* The problem
Leaving out every picture, copy the lines of the data exactly, from the first through the line containing "ShantalBlonde online show from 03.14.25".
(Information Opens)
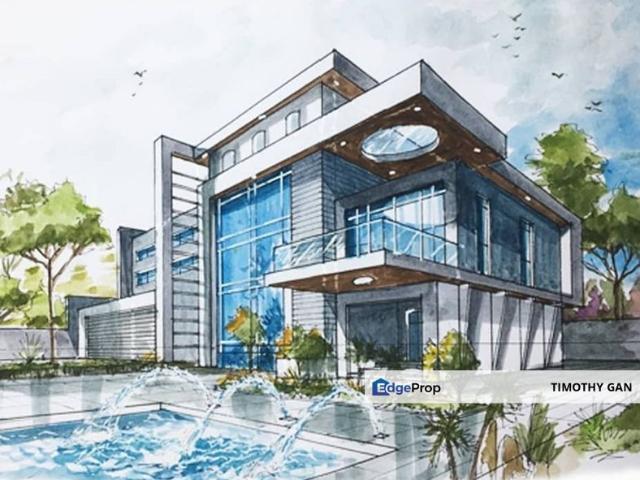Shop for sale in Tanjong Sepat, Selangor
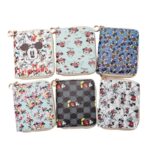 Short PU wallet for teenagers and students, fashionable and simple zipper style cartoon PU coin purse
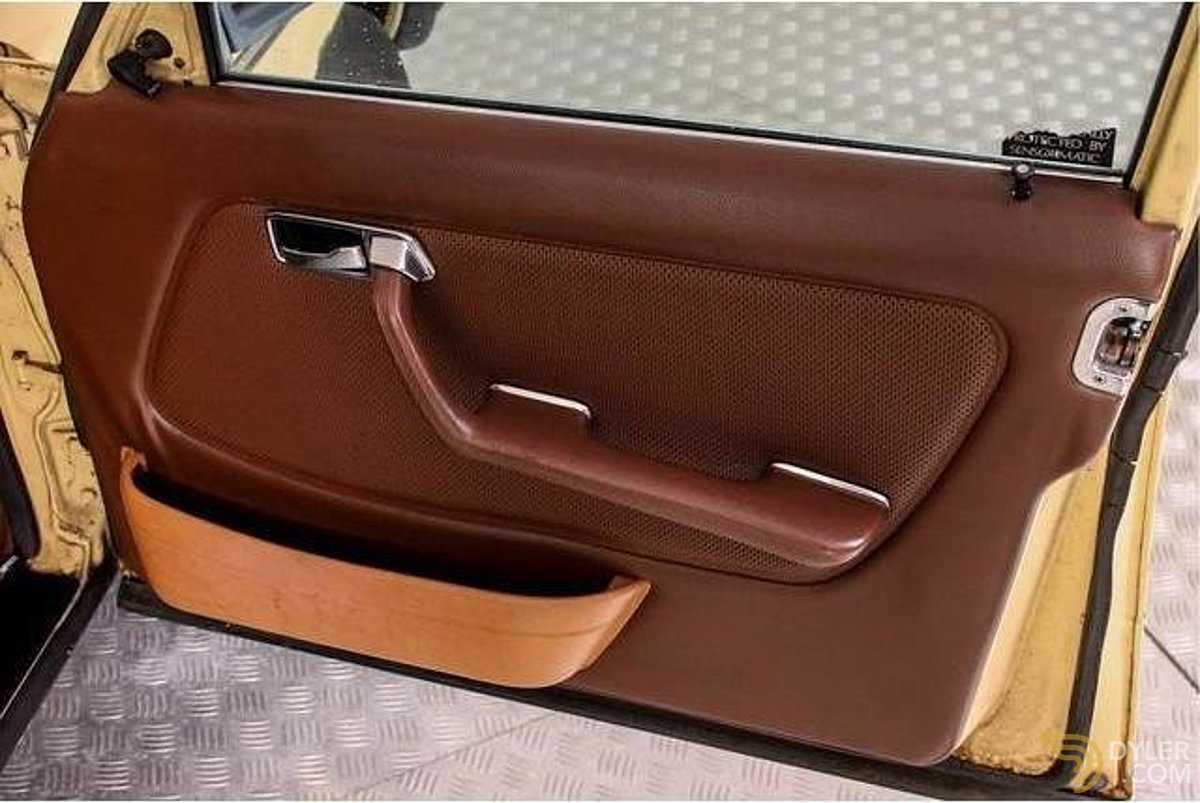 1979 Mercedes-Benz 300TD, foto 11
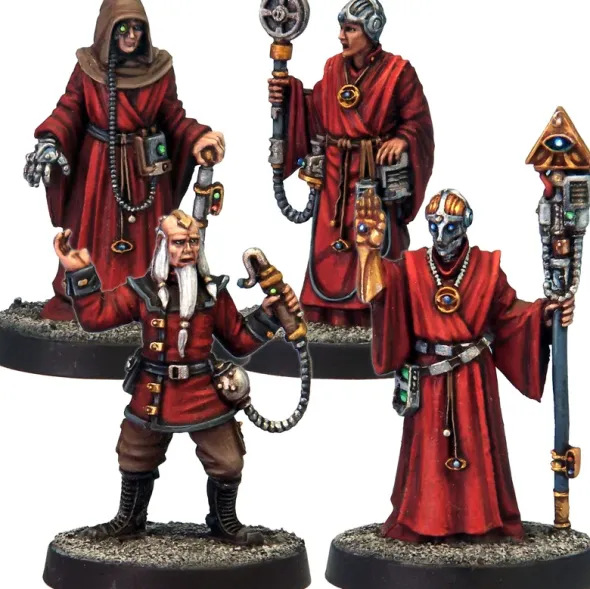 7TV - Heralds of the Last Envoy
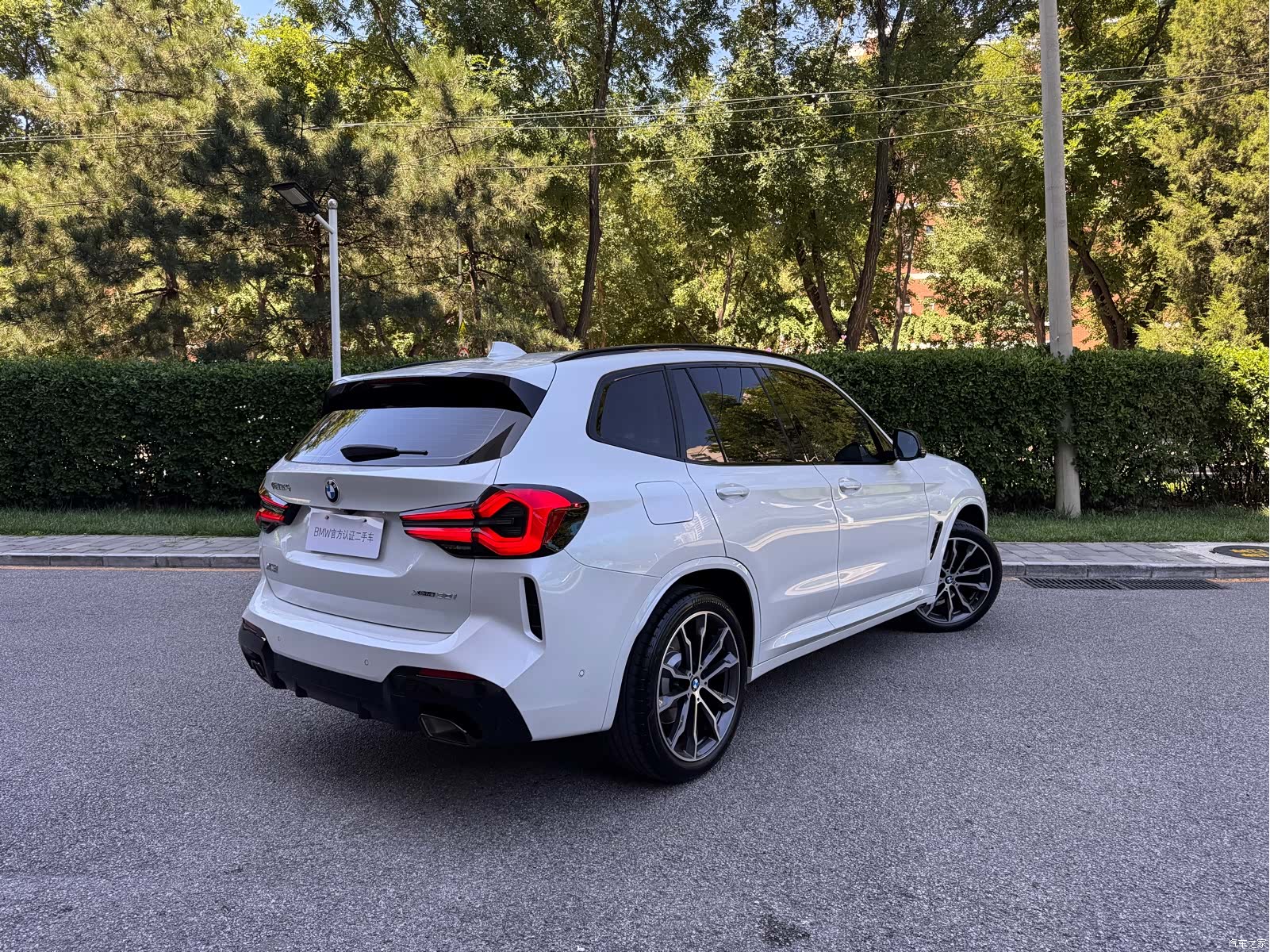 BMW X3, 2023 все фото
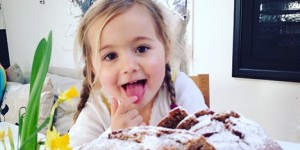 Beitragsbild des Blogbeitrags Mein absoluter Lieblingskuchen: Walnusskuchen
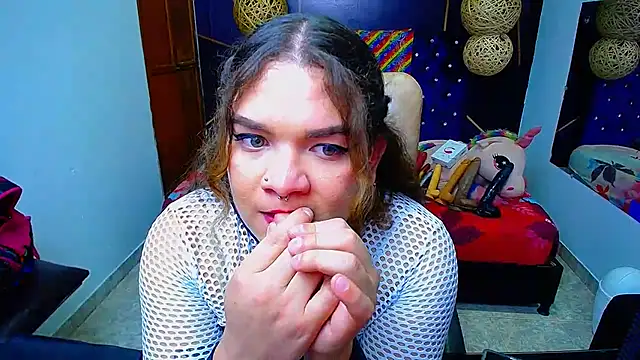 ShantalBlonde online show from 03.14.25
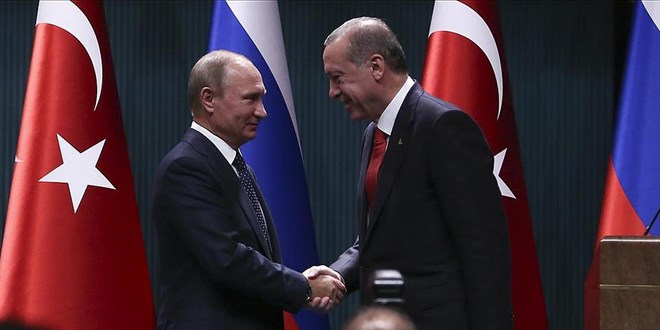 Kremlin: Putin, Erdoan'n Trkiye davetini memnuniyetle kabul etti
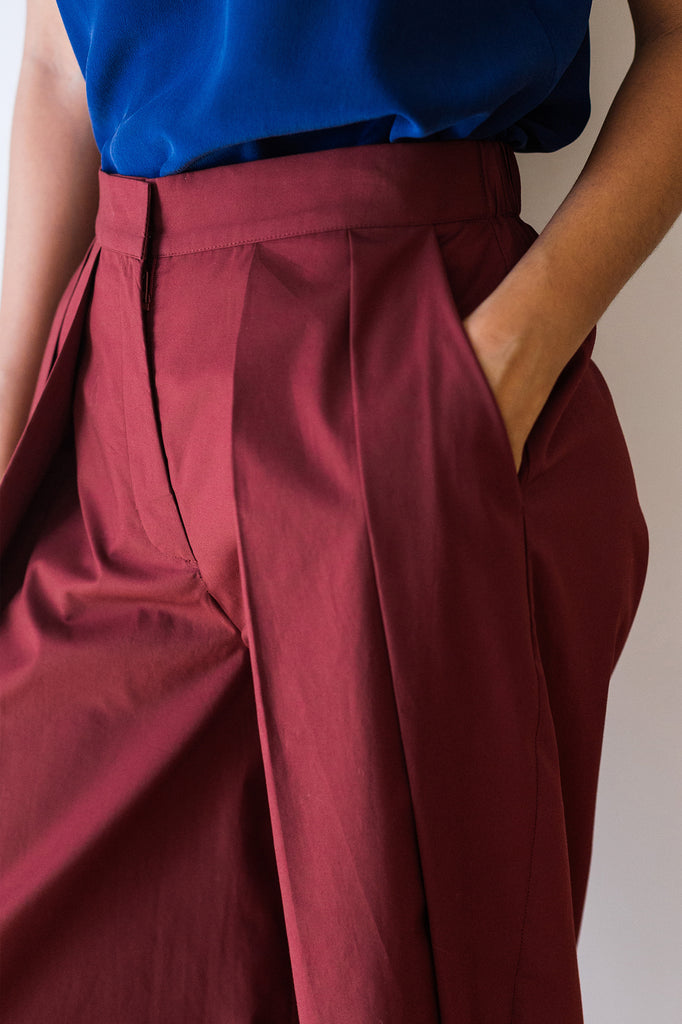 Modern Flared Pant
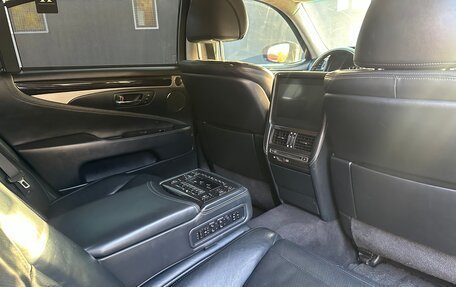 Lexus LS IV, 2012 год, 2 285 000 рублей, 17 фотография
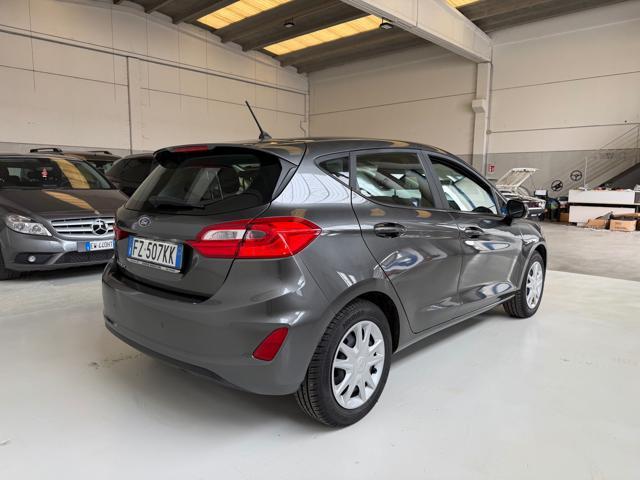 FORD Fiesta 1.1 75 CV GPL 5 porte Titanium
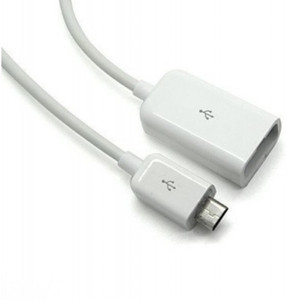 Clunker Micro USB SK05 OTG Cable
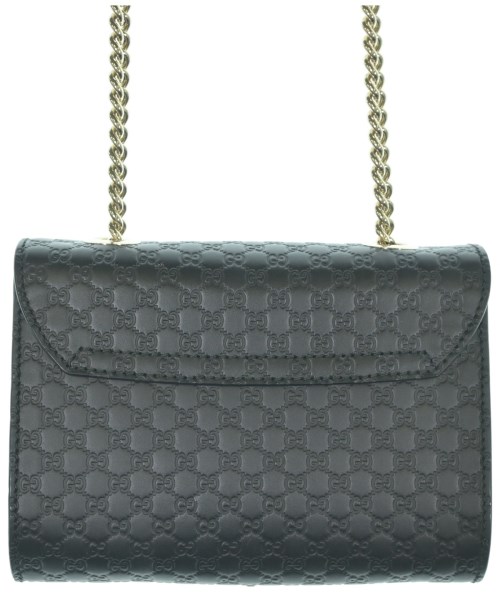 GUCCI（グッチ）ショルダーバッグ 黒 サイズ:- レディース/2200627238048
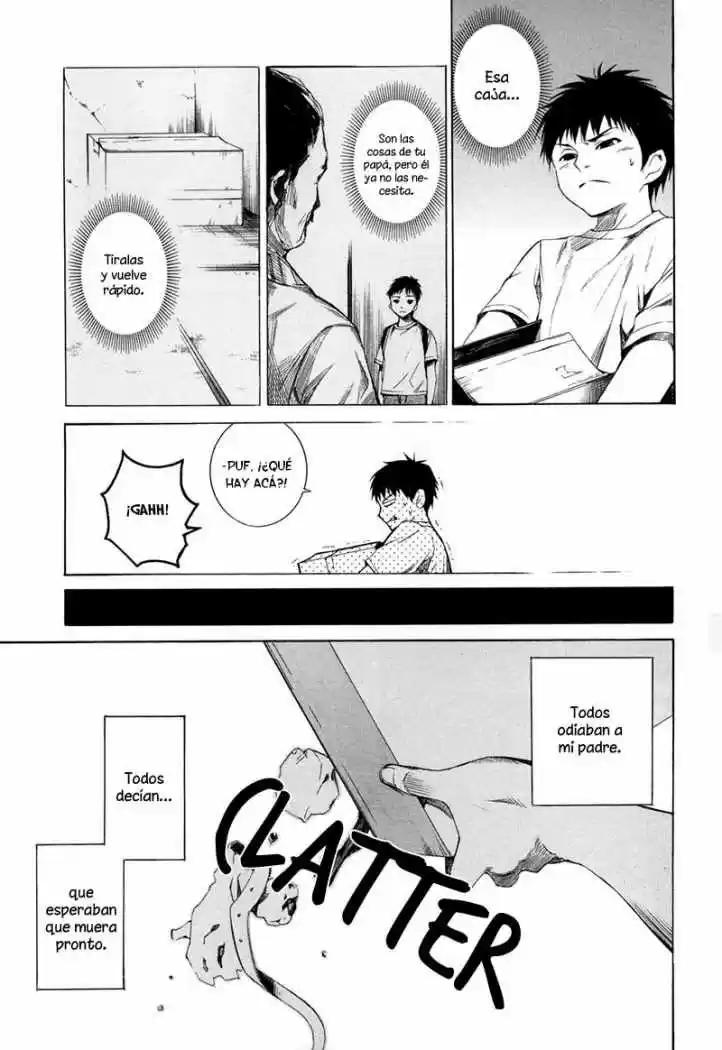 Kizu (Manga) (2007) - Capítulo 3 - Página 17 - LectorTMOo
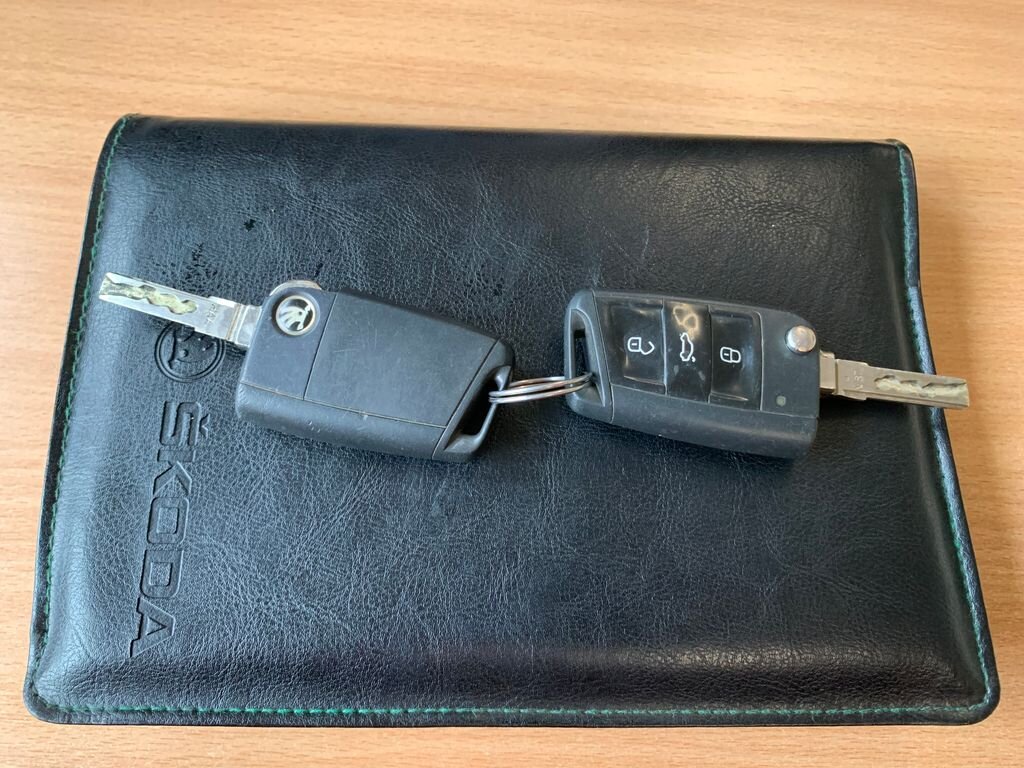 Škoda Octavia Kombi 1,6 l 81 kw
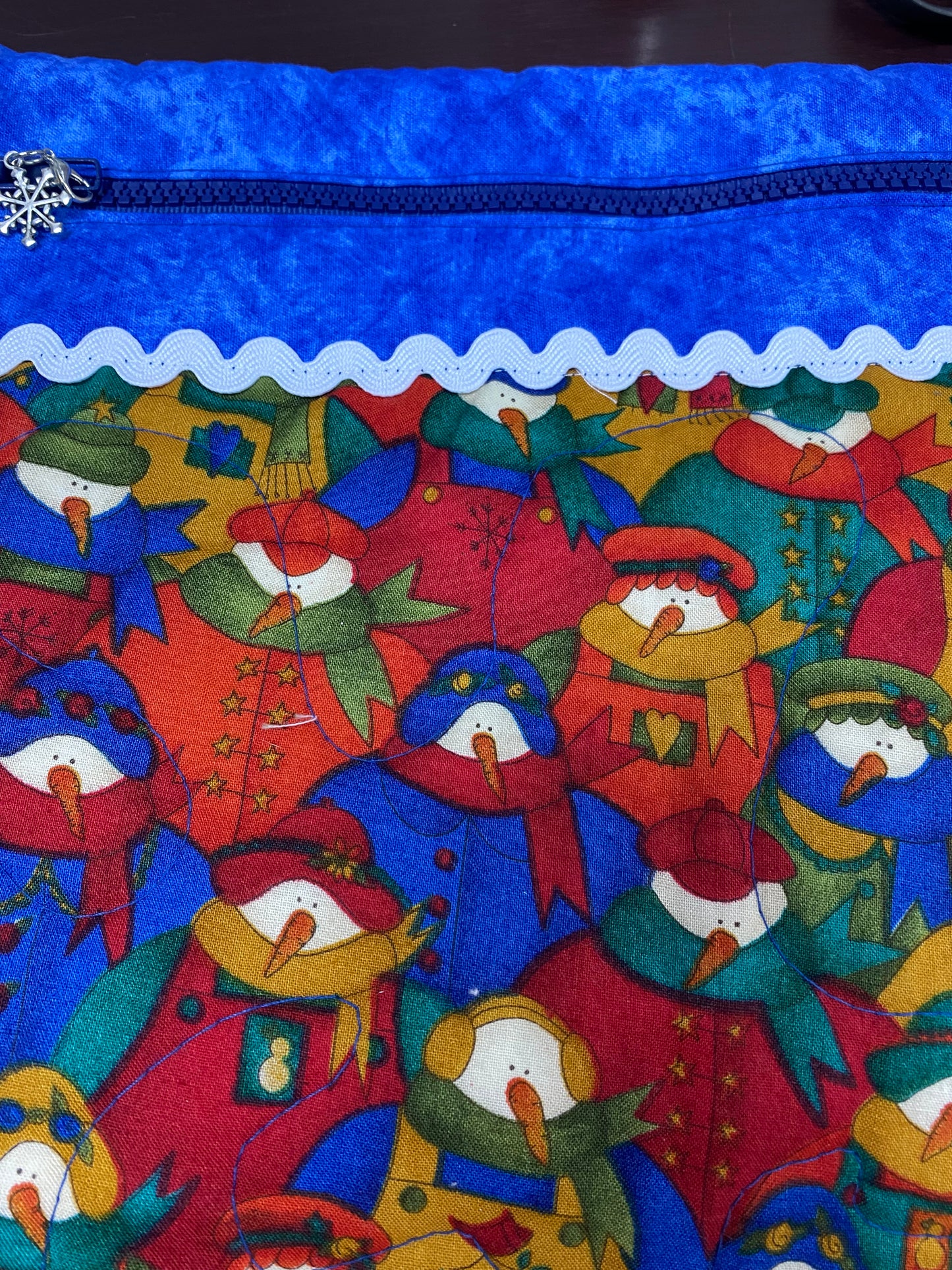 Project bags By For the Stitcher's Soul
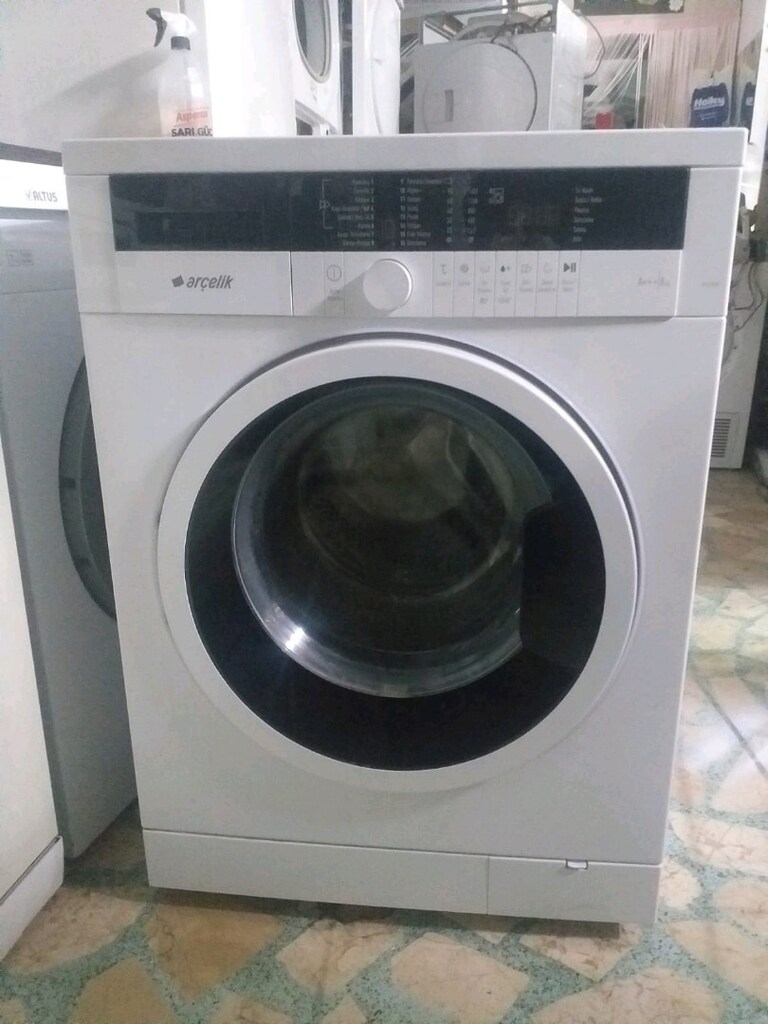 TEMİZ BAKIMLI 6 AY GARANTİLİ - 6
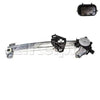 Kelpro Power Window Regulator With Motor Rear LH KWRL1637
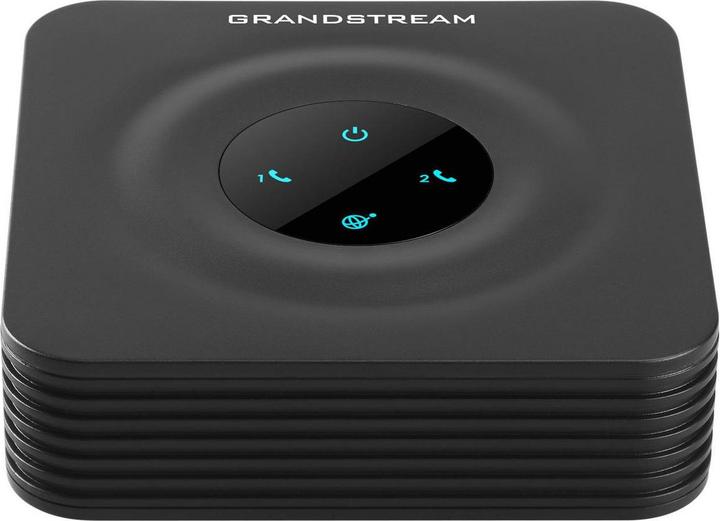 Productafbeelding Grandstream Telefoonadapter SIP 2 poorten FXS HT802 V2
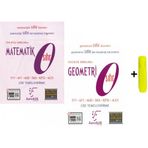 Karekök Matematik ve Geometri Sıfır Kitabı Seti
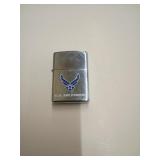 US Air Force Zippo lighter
(Information Closes)
* Answer space
Shop for sale in Tanjong Sepat, Selangor
 Short PU wallet for teenagers and students, fashionable and simple zipper style cartoon PU coin purse
 1979 Mercedes-Benz 300TD, foto 11
 7TV - Heralds of the Last Envoy
 BMW X3, 2023 все фото
 Beitragsbild des Blogbeitrags Mein absoluter Lieblingskuchen: Walnusskuchen
 ShantalBlonde online show from 03.14.25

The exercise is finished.